::: RECORDS FOR PROCESSING :::
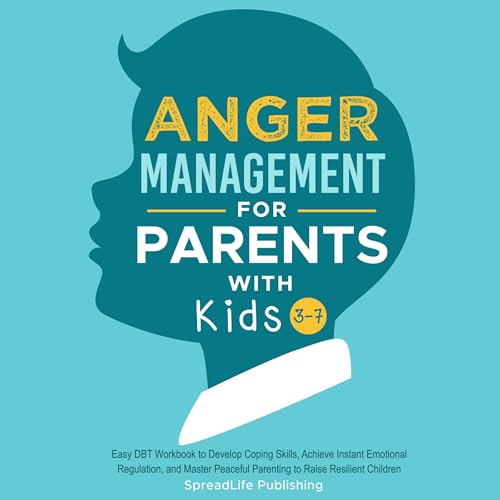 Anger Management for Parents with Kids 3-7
:::
::: RECORDS FOR PROCESSING :::
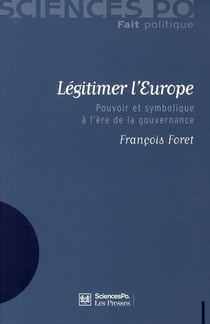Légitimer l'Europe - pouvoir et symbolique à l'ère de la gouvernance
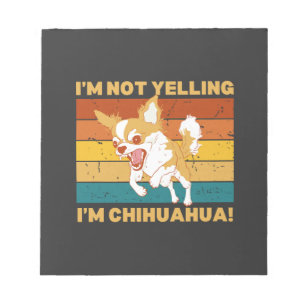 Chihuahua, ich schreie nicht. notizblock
:::
HOW TO COMPLETE THIS TASK — Look above for the line with "Légitimer l'Europe - pouvoir" and the line with "Chihuahua, ich schreie nicht. notizblock", then copy them and all lines in between exactly as written, and only those, without any pictures.

ANSWER TO THE EXERCISE —
Légitimer l'Europe - pouvoir et symbolique à l'ère de la gouvernance
 Chihuahua, ich schreie nicht. notizblock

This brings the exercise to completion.